В.: Либо вы делаете очень удачный наброс, либо вы правда думаете, что я идиот. Конечно, профессионализм, качество выполняемой работы. Есть несколько принципов. Первый — не быть шаром. Есть термин «человек-шар», которому все понятно про этот мир, эту жизнь. У него нет сомнений ни в чем. Он не способен к изменению — это самое страшное. Второе условие — быть умны­м, открытым к изменениям, к восприятию нового. Третье — быть работоспособным.
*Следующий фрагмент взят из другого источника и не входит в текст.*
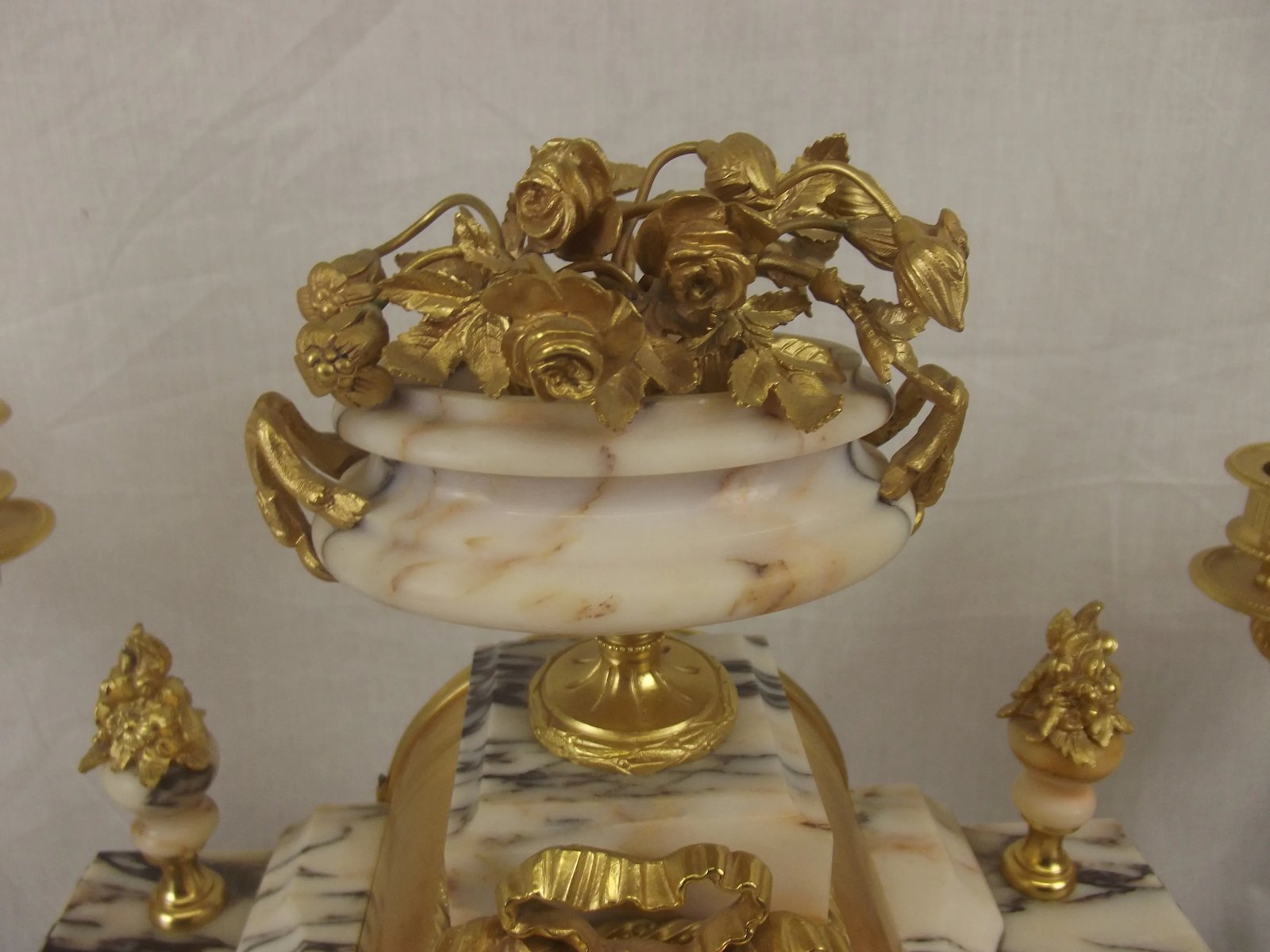 Circa 1860 Eight Day French Ormolu And Marble Clock And Garniture Set By A. D. Mougin - Image 4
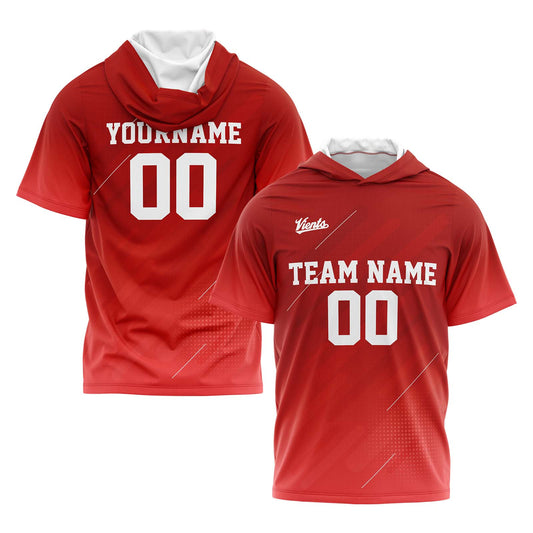Custom Red Short Sleeve Hoodies for Men Women Shirts with Hoods Printed Name Logo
У нас шестидневная рабочая неделя, рабочий день начинается в десять и заканчивается в восемь официально. Неофициально — когда придется.

— Вы говорите про идеализм, желание ­изменить мир и создавать новое. Все, что вы делали в начале, — это медиа­проекты: «Нереальная политика», Post TV и так далее...

В.: В нашей стране на медиа заработать нельзя, в этой истории денег нет. Ты не можешь получить рекламу без откатов. Даже если ты делаешь успешный медиапроект, теми деньгами, которые доходят до тебя в конце рекламной цепочки, очень трудно компенсировать затраты на фонд оплаты труда и маркетинг. Мы поиграли в эту историю и влетели на бабки. Спасибо, не надо.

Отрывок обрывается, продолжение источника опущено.